A revista vexatória nas prisões é necessária?
Recentemente, o Regional Sul 1 da Conferência Nacional dos Bispos do Brasil (CNBB) fez uma manifestação ao Governo do Estado de São Paulo para pedir que seja sancionado o Projeto de Lei Estadual n° 797/2013, aprovado por unanimidade pela Assembleia Legislativa no dia 3 de julho passado, vedando a revista vexatória nos presídios paulistas.
A revista vexatória é um procedimento realizado em familiares de presos e outras pessoas que visitam os presidiários. Mulheres, homens, gestantes, idosos e crianças são obrigados a tirar a roupa e a se submeter à revista íntima e invasiva, inclusive nos órgãos genitais, diante de agentes penitenciários, de outros visitantes e mesmo diante dos filhos. Nem sempre são levados em conta os padrões de dignidade humana e higiene. Há também quem se queixa de agressões verbais por parte dos funcionários do presídio.
Com a revista, pretende-se impedir a entrada de armas, drogas, celulares e outros objetos nas prisões. O visitante é submetido a uma humilhação discriminatória e à violação da sua dignidade. A prática é autorizada pela administração penitenciária.

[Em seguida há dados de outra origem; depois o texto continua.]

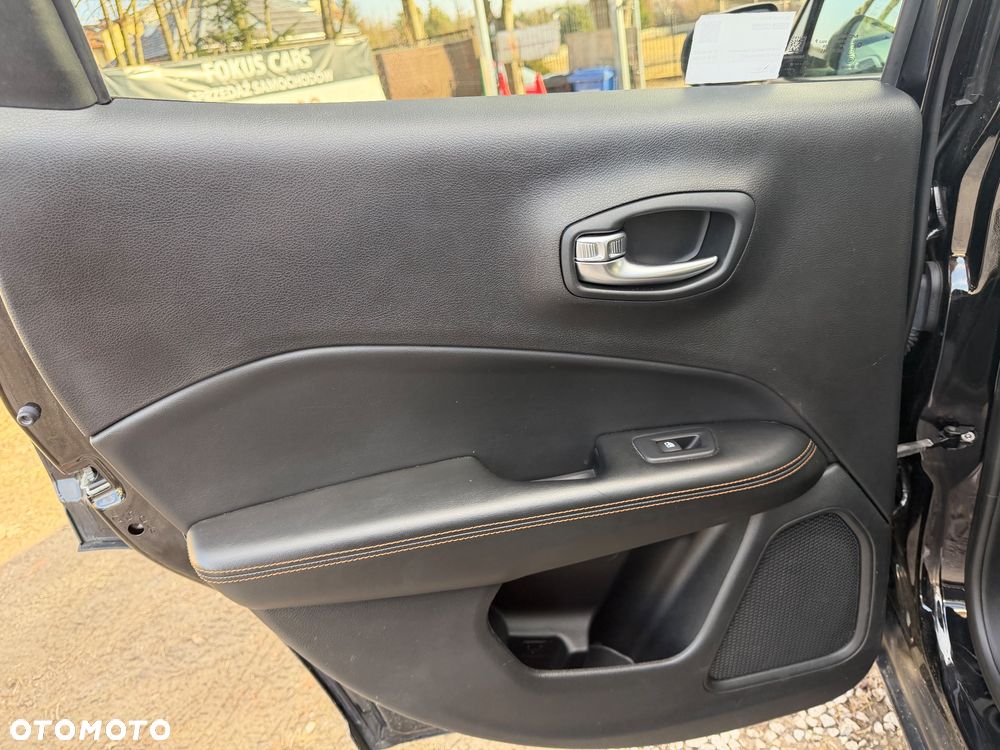 Jeep Compass ver-1-5-t4-mhev-limited-fwd-s-s-dct - 29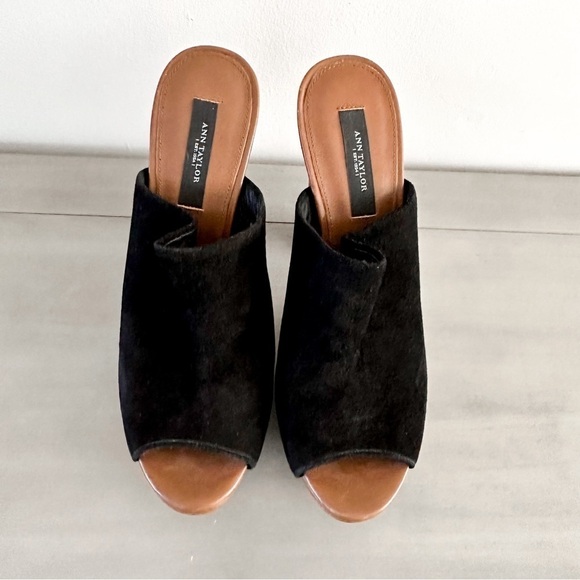 Ann Taylor Black Suede Wooden Lorena Mule Platform Heels sz 8 - Picture 4 of 10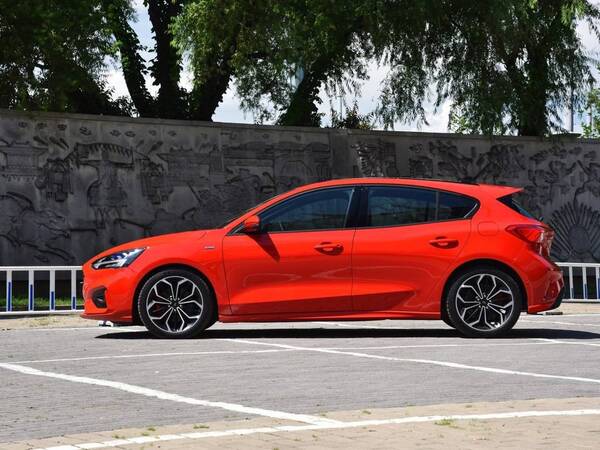 本田思域 VS 福克斯ST-Line,两款运动紧凑轿车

Não se nega ao Estado o direito e mesmo o dever de controle e de segurança nos presídios. Mas será mesmo inevitável essa prática, que fere a dignidade humana e acrescenta sofrimento a quem já carrega um fardo de humilhações e privações por causa de um familiar preso? Alega-se que a revista é necessária para evitar que a insegurança e o caos nas prisões.
O argumento, porém, não convence. Um levantamento realizado pela Rede Justiça Criminal mostrou que a apreensão de objetos proibidos com familiares ou visitantes é quatro vezes menor que a quantidade de armas, drogas e celulares encontrados com os presos. No Estado de São Paulo, tais objetos são encontrados em apenas 0,03% das revistas, ou seja, três objetos ilícitos a cada 10 mil desses procedimentos degradantes.
Existem outras formas de controle, menos invasivas e vexatórias, também usadas em aeroportos e outros locais, onde a segurança é fortemente zelada. Equipamentos eletrônicos, como detectores de metais, scanners corporais e aparelhos de raio-x poderiam ser usados, mesmo respeitando os limites de exposição à radiação. Uma resolução do Conselho Nacional de Política Criminal e Penitenciária, de 12 de julho de 2006, já recomendava a utilização de equipamentos eletrônicos na revista em presídios e a preservação da honra e da dignidade da pessoa durante os processos manuais de revista.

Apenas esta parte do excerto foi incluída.